Waters acknowledges that his older equipment does not come without headaches. Breakdowns can be all the more troublesome for someone who works a full-time job, serves in the National Guard, farms in two states and has a young family. Yet his dealership, Lauf Equipment Co. Inc. in Jefferson City, Missouri, has been a port in the storm when repairs are needed, he says, with high praise for the dealer’s ability to respond quickly to his requests.

Cody Waters

Cody Waters

He buys parts and gets advice from Lauf’s knowledgeable staff. “They usually have the part on hand, and they have a good service department,” he says.

Waters, who’s been deployed overseas twice in his 15-year career with the Army National Guard, helped Afghan farmers improve their farming operations when he served as part of an Agribusiness Development Team. While in that war-torn country, he witnessed an ingenuity similar to farmers back home. He also saw much of the durability and versatility in Massey Ferguson tractors while there.

USAID donated 40-plus-HP tractors, including MF240 models, to help the Afghan farmers. According to Waters, they were a good fit for the Afghan operations because of their “small size, simplicity [and] power.” The Massey Ferguson machines also got points for durability and fuel efficiency in a country where fuel is expensive and trained mechanics are almost impossible to find.

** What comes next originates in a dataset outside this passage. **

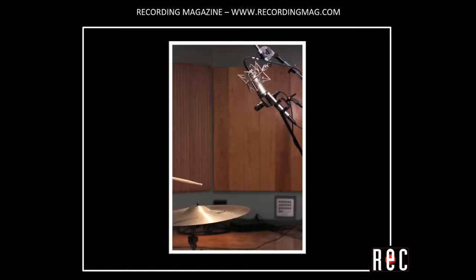Moving to cymbal, let's hear the 57. Now the 87. And the ribbon.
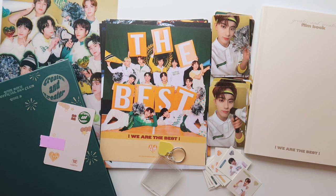Okay, so that's it for this video. I hope that you enjoyed this unboxing and it gave you an idea of what you get in the fan club kit. It does remind me quite a bit of their Season's Greetings, but I'm not going to complain because you get a ton of stuff. Overall, I'm really, really satisfied with everything. Thank you so much for watching, I'll see you later. Bye.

See the full story on Cody Waters at http://www.myfarmlife.com/features/veteran-farmers-coming-home/.

Earth & Sky

As a U.S. Navy fighter pilot, David Garfrerick jockeyed a rocket while helping to protect his country. He broke the sound barrier and mastered the art of aircraft carrier takeoffs and landings, piloting a 20-plus-ton jet loaded with ordnance and fuel on and off a football-field-size runway.

“It was a thrill, a challenge,” Garfrerick says, after a little cajoling on the subject. “It’s like being thrown off into the wild, out of control, but it’s a lot of fun.”

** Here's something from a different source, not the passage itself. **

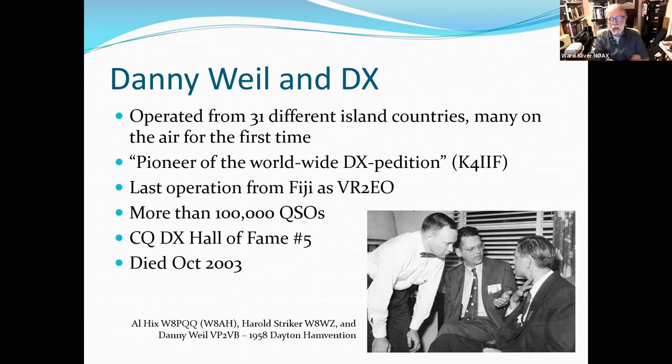He was interviewed by Jim Kane, K1TN, the author of the Yasme book, and Jim speaks incredibly fondly of Danny. Danny traveled around the US raising funds for the trips. You can see him at the 1958 Dayton Hamvention getting a grilling from Al Hicks W8AH and Harold Stryker W8WZ, two top DXers at the time, no doubt asking Danny where he was going next.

Even while flying high, Garfrerick says he’s always been fascinated by something decidedly more down to earth: gardening. While still in the Navy, he raised a variety of vegetables and other plants. “I’ve just always loved growing things and wanted some land to retire on, and bought this land, and just started growing things. It got bigger and bigger,” continues Garfrerick about the property near Alpine, Ala., “and at some point, I guess, I just had to start calling it a farm.”

All told, he and wife Dede own about 200 acres of rolling hills, including 80 acres of timber, 80 acres of pasture for his cattle, and about 5 acres of crops and orchard, from which he grows fruits and vegetables.

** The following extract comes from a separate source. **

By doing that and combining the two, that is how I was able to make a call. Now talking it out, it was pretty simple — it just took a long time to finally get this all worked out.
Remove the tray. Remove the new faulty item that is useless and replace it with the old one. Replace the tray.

His produce and meat have a starring role in his latest “adventure,” a restaurant he owns and runs in Oxford, Ala., about a 45-minute drive from his home and farm. Opened in 2008, the philosophy behind the restaurant, Garfrerick says, is that “fresh, healthy food can be delicious.”

With so many responsibilities, Garfrerick counts on his MF275 to help him get the job done. The MF275 performs a multitude of chores on the 200-acre farm. It’s used to operate a vertical tiller, move hay for cattle, maintain the roads on his land, work a front-end loader, pull a wagon—and that’s just a sampling.

“The Massey is the only thing I’ve ever used, and I find it very convenient,” says Garfrerick. “It’s easy to change out implements and maintain. It just saves a whole lot of physical labor, having a good-size tractor like that.”

It’s also reliable, he says. “We don’t have to do a lot of repair work on it, which is a surprise because it’s old.” Garfrerick, who bought the tractor used, hazards a guess it’s at least 30 years old.

Because of the tractor’s age, maintenance is all the more important. “It’s the only one we own, so it’s critical we keep it running,” he says, adding that his dealer, Bannister Tractor Co., in Oxford, Ala., “keeps me advised on what to do.”

Listen to Garfrerick talk about how his Massey Ferguson helps him grow produce for his restaurant.

“They’re familiar with the parts and the typical things that will solve issues when I need maintenance and repair. And they’re familiar with the preventative maintenance I need to keep up with. They’re just knowledgeable about the tractor itself.

“That’s a huge help for me,” says Garfrerick, noting that, with running a restaurant and farm, he’s got a lot going on. “Taking care of the tractor is one less thing I have to worry about.”